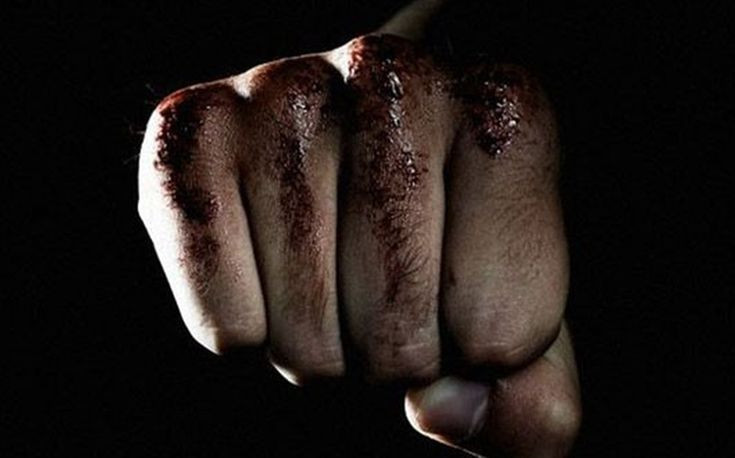 Μαχαιρώματα και άγριο ξύλο στη Λαμία: Τον χαράκωσε στο πρόσωπο και τη χτύπησε με μπουνιές και κλωτσιές
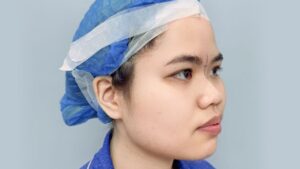 7 Nhóm đối tượng nên và không nên nâng mũi: Cảnh báo an toàn từ Bác sĩ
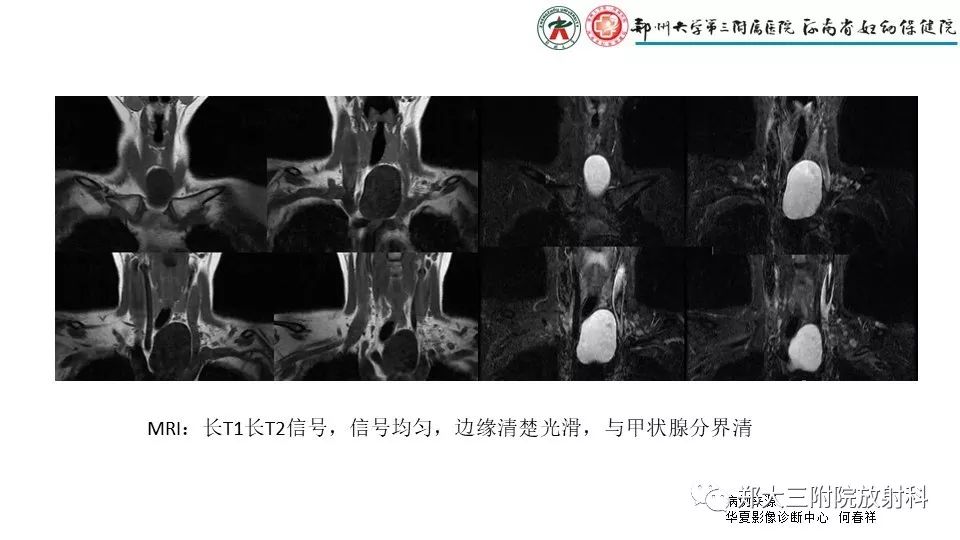 【病例】异位胸腺1例CT影像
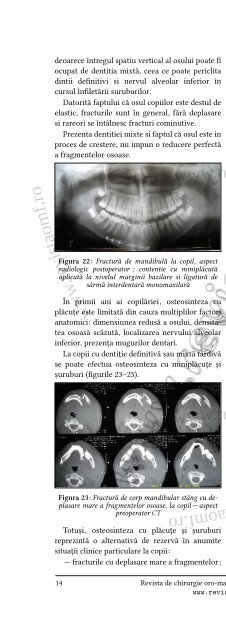 Fractura procesului coronoid al mandibulei—prezentare de caz și ...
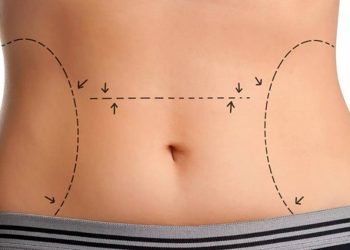 چگونه بدون جراحی لاغر شویم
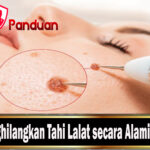 Cara Menghilangkan Tahi Lalat secara Alami dan Medis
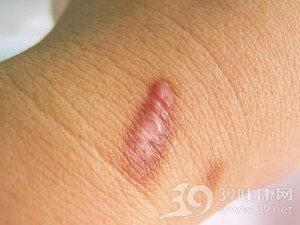 魚鱗變紅滲血會留下疤痕嗎？【魚鱗變紅滲血會留下疤痕嗎】 魚鱗變紅滲血會留下疤痕嗎？【魚鱗變紅滲血會留下疤痕嗎】 龍魚百科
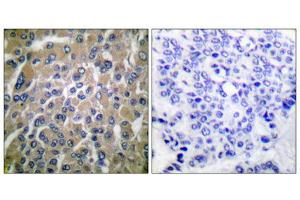 Immunohistochemical analysis of paraffin-embedded human breast carcinoma tissue using hCG beta antibody (ABIN5976419). (HCG beta anticorps  (C-Term))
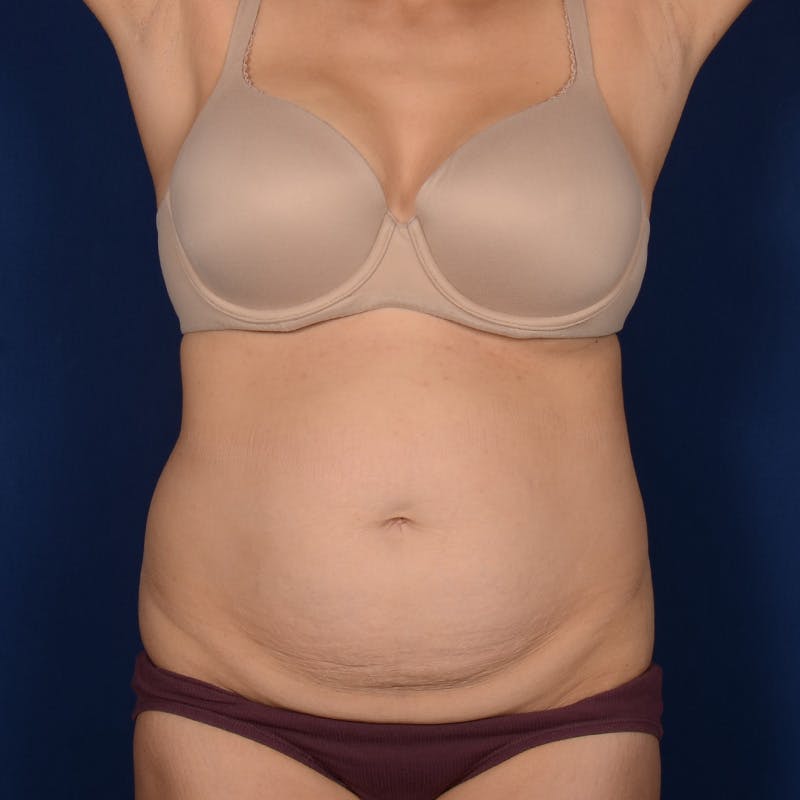 Tummy Tuck Before & After Gallery - Patient 170977 - Image 1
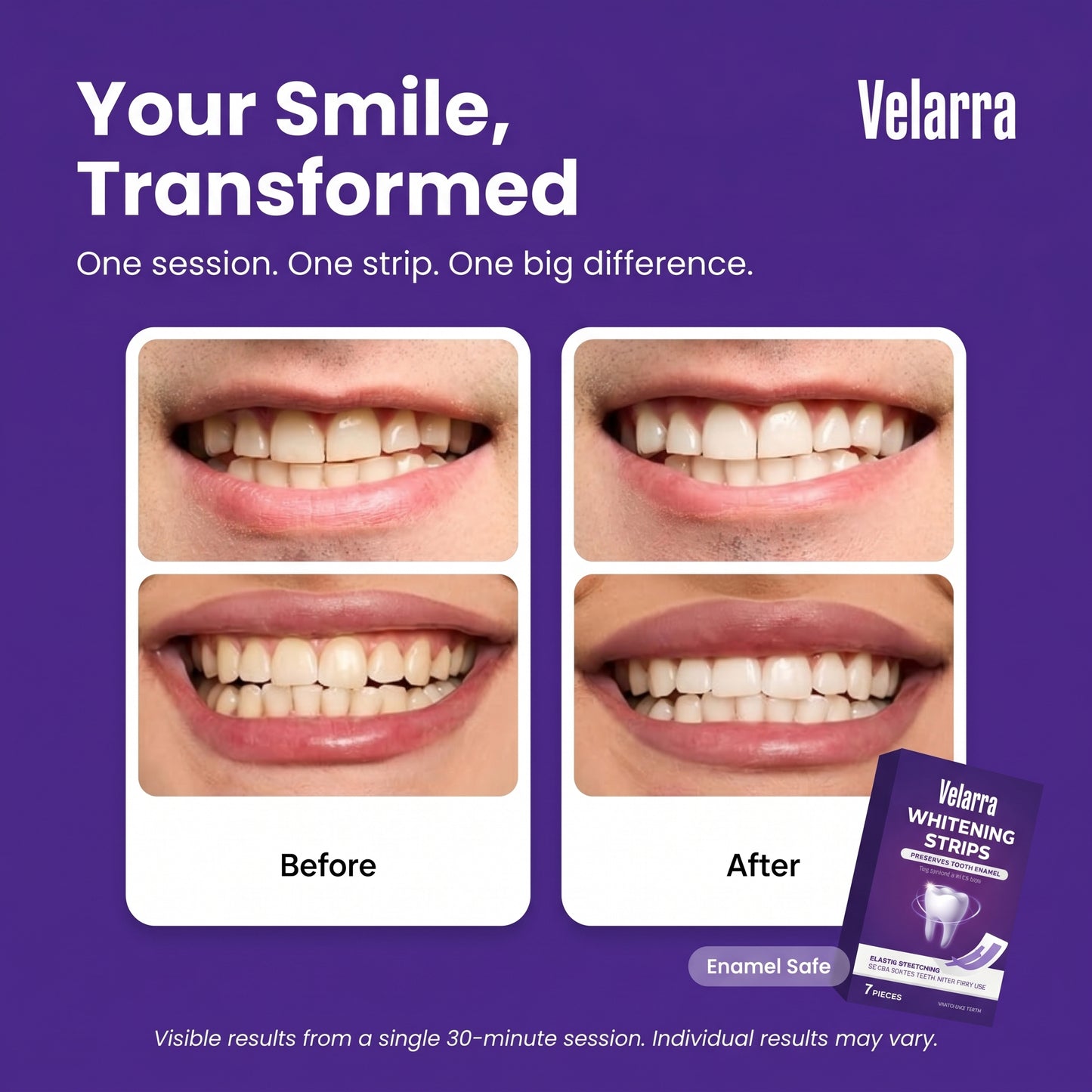 Whitening Strips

[What this task involves] An answer containing only the lines from the one holding "Immunohistochemical analysis of" through the close of the entries above, reproduced exactly and stripped of pictures, is expected.

[Written answer]
 Immunohistochemical analysis of paraffin-embedded human breast carcinoma tissue using hCG beta antibody (ABIN5976419). (HCG beta anticorps  (C-Term))
 Tummy Tuck Before & After Gallery - Patient 170977 - Image 1
 Whitening Strips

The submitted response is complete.